- [DATASET CONTENT]
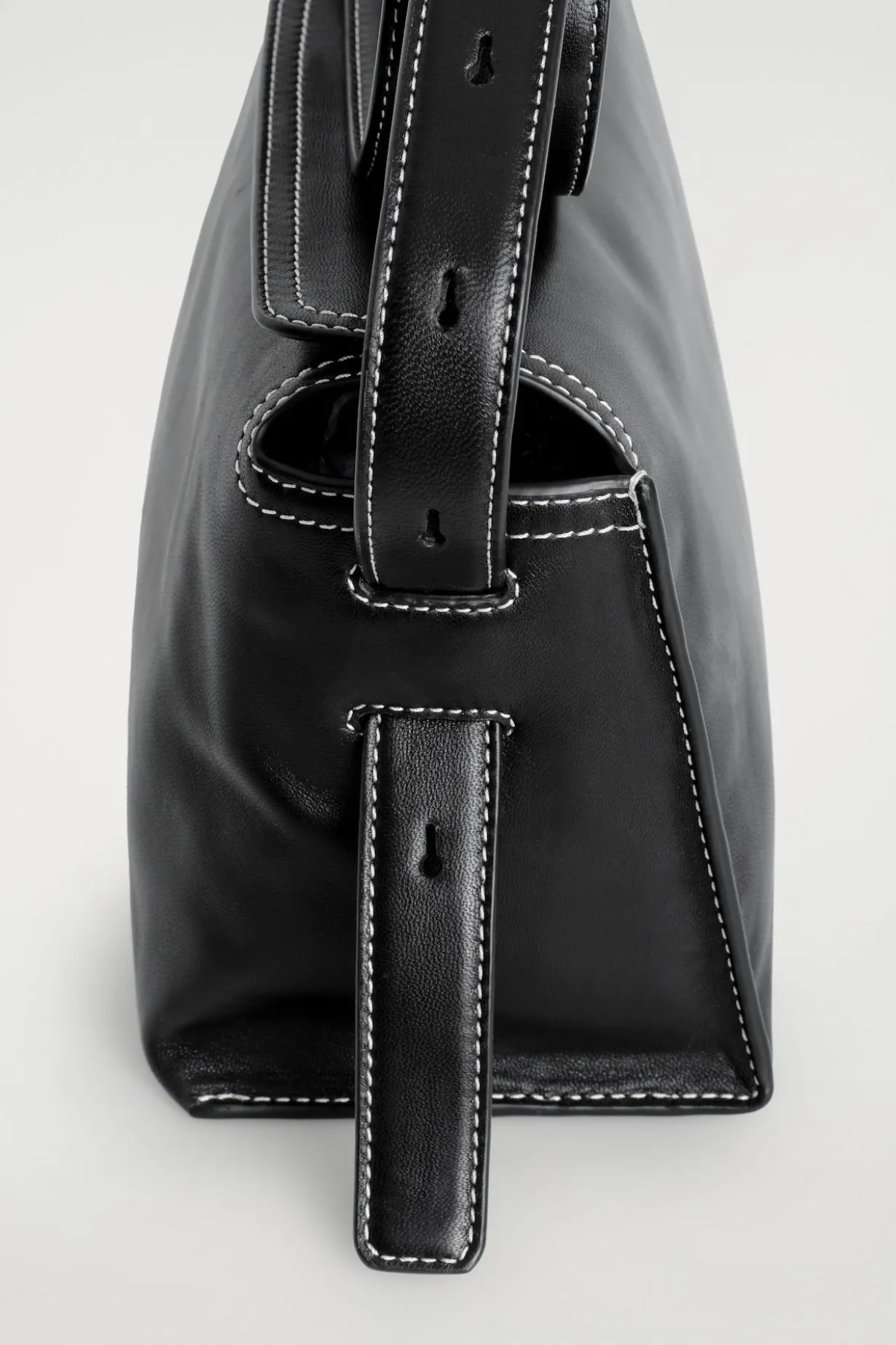 PLINTH CROSSBODY BAG - LEATHER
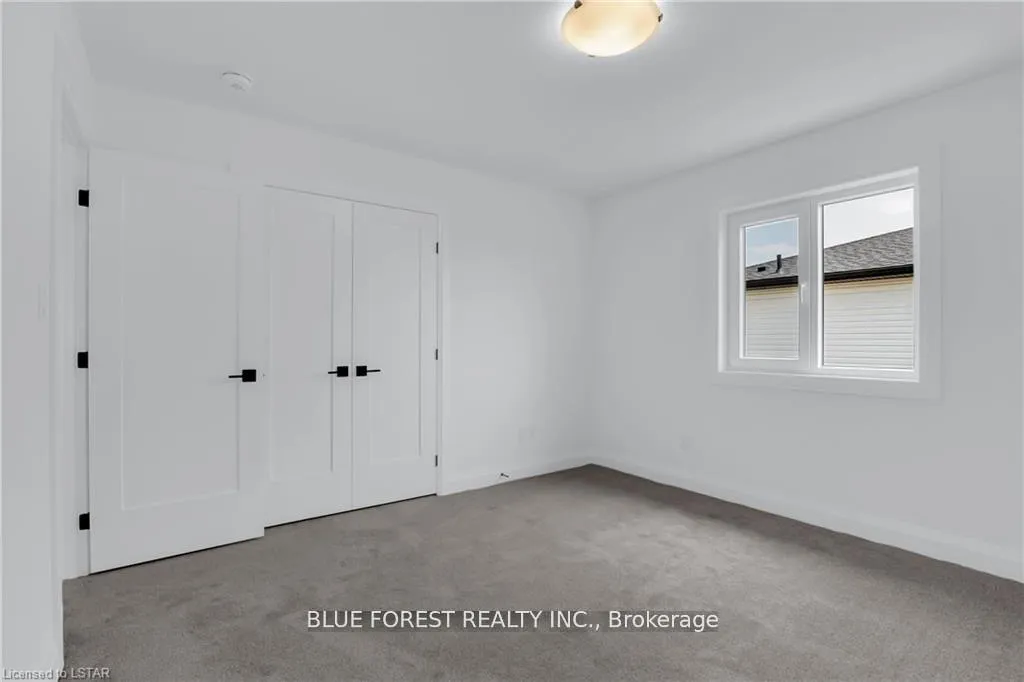 Photo 33 of 29 Poole Crescent, Middlesex Centre, Komoka — HOMEH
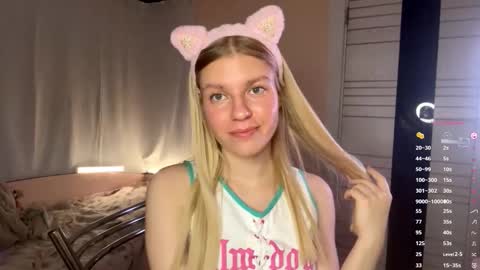 Mary online show from 10-22-25, 07:02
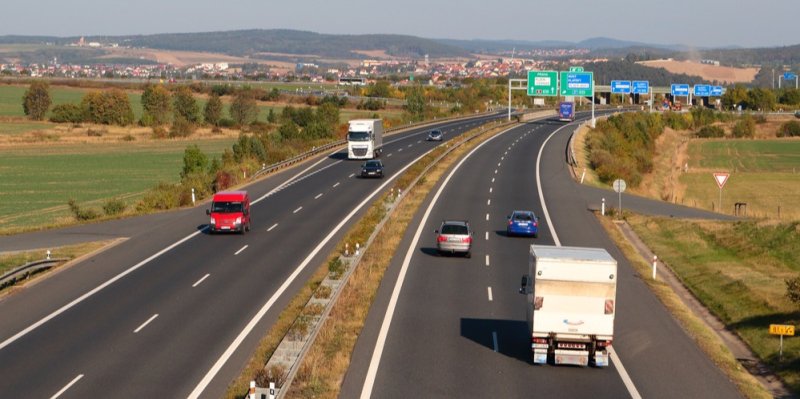 Dálniční známka pro rok 2025: Připravte si peněženky, vážení! Zase zdražujeme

- [INSTRUCTIONS TO FOLLOW]
Starting at the line with "Mary online show from 10-22-25, 07:02" and stopping at the final line of the material, reproduce each line exactly, both ends included. Leave the pictures out.

- [ANSWER FOR THE TASK]
 Mary online show from 10-22-25, 07:02
 Dálniční známka pro rok 2025: Připravte si peněženky, vážení! Zase zdražujeme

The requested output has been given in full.